World Environment Day 2025 calls for collective action to tackle plastic pollution. But what do we know about how plastics are affecting wetlands and estuaries? And what can we do at Hunter Wetlands Centre and at home to protect these important and fragile ecosystems?
Many friends of the wetlands of the Hunter estuary will have contributed to Clean Up Australia Day in early March.
The statistics on waste collected from our environment during this year’s Clean Up are now available, and they highlight the pervasive impact of plastics – on land, in waterways, wetlands and the ocean.
Across Australia this year, more than 800,000 people volunteered on Clean Up Australia Day, at just on 8300 clean up sites. Of the five most common types of litter collected, three were plastic – plastic bags, plastic drink bottles (and lids), and other soft plastics.

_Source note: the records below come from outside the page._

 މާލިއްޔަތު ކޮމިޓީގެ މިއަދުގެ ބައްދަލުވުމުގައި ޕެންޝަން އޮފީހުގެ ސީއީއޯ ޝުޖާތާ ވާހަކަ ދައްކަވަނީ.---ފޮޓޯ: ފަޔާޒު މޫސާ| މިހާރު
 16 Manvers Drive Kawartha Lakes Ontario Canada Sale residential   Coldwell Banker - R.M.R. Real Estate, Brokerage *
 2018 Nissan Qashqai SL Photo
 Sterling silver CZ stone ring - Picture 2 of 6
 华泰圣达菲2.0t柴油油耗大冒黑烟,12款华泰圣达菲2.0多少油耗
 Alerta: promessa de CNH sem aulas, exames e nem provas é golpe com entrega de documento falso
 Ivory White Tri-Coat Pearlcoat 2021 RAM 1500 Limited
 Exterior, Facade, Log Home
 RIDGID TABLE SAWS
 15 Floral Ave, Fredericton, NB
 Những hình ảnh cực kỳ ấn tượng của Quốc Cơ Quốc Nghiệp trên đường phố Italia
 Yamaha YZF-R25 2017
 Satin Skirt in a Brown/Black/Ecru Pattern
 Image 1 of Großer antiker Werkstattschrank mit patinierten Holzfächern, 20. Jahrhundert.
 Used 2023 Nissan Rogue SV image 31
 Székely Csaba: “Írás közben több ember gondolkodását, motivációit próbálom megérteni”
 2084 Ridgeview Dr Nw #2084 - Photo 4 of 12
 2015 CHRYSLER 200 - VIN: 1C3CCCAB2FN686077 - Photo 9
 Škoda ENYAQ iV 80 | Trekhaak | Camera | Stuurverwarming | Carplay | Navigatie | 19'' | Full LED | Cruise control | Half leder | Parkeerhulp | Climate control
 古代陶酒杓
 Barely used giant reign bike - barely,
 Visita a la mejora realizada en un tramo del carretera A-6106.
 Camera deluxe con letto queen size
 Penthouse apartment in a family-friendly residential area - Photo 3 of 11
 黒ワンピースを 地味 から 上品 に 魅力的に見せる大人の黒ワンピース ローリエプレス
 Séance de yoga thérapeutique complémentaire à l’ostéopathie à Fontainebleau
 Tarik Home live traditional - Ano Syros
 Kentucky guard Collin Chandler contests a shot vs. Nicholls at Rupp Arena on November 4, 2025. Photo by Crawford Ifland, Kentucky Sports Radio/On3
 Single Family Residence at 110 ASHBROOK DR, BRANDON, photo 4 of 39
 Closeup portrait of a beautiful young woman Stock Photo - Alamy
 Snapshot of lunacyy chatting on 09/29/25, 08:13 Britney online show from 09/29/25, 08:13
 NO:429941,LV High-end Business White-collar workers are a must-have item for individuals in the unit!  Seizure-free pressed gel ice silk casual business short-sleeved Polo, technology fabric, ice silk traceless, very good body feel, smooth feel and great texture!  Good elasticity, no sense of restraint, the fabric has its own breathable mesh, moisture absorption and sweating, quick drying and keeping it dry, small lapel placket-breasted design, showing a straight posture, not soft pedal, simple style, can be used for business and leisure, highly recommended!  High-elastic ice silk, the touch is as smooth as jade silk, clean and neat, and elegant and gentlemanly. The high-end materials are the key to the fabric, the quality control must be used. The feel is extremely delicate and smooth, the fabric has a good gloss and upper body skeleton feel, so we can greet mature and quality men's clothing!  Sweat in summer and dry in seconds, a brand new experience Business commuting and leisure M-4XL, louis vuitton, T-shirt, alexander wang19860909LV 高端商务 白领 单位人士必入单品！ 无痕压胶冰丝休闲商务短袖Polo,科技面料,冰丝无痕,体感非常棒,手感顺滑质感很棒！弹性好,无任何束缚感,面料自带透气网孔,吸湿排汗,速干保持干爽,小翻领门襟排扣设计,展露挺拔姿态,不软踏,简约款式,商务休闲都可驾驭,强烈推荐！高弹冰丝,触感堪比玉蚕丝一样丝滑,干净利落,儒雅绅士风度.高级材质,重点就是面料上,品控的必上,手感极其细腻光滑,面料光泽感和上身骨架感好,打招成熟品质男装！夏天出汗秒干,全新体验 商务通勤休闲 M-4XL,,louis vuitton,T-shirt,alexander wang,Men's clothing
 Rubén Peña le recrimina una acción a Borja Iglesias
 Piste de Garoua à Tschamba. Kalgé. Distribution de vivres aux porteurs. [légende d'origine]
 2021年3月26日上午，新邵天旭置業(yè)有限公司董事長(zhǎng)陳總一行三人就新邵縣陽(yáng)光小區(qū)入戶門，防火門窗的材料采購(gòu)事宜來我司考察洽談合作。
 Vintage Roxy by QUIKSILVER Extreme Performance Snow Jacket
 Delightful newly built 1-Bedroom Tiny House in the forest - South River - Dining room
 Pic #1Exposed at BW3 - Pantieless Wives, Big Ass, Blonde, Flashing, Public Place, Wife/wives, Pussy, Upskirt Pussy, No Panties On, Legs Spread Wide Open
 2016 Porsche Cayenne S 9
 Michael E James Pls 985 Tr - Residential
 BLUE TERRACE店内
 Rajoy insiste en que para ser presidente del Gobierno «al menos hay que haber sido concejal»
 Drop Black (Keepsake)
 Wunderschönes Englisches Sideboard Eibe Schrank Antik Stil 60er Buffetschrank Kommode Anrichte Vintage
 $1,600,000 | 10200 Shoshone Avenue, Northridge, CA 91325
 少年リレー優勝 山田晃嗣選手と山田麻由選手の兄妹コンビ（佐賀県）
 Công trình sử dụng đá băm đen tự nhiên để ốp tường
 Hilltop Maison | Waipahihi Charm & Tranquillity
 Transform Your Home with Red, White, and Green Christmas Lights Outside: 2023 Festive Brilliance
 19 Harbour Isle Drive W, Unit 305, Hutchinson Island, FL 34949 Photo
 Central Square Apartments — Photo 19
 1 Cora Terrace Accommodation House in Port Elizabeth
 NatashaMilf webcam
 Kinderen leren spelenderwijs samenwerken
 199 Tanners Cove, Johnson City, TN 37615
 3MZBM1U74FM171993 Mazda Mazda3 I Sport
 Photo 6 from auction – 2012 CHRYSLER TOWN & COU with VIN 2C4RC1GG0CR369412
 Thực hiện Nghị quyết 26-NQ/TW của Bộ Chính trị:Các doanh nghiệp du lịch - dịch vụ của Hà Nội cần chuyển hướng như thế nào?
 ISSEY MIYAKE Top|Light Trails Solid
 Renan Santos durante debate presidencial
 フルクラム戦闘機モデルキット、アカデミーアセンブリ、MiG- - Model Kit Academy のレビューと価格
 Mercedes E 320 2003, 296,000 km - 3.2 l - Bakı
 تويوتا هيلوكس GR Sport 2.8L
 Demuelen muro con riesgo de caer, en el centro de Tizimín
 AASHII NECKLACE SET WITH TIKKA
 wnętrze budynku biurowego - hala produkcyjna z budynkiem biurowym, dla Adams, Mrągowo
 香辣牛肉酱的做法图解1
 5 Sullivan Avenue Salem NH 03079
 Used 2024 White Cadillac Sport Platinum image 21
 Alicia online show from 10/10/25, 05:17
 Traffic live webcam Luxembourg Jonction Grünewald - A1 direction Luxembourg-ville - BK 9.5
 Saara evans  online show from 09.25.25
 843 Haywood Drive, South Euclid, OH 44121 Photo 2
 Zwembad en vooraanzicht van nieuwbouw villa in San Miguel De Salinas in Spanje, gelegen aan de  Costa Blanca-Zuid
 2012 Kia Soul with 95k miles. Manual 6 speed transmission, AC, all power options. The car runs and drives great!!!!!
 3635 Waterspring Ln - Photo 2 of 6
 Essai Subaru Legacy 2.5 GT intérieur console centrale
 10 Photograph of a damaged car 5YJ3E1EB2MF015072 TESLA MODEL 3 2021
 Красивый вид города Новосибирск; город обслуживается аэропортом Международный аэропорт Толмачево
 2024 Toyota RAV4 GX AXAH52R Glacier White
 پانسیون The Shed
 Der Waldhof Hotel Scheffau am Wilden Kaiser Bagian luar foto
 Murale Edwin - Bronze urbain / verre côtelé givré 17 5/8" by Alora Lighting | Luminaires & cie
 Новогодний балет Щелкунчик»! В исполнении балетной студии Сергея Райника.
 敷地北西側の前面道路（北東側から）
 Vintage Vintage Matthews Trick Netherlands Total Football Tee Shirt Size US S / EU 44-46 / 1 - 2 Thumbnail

In their analysis of litter in the environment, NSW EPA found that beverage container lids alone are the third most littered item in urban estuaries, with plastic bottle lids accounting for 7% of littered items! Overall, 79% of littered items in the urban estuaries of NSW are plastic!
Australia is a small sample of the global impact of plastic waste. The United Nations Environment Program (UNEP) which has conducted World Environment Day since 1973, reports that ‘the world produces more than 430 million tonnes of plastic annually, two-thirds of which are short-lived products that soon become waste, filling the ocean and, often, working their way into the human food chain’.
UNEP says that plastic pollution permeates every corner of the planet – even in our bodies in the form of microplastics.
The Pew Charitable Trusts (PCT 2020), in conjunction with SYSTEMIQ and a panel of international experts, prepared a report on research and modelling: ‘Breaking the Plastic Wave: A Comprehensive Assessment of Pathways Towards Stopping Plastic Ocean Pollution’.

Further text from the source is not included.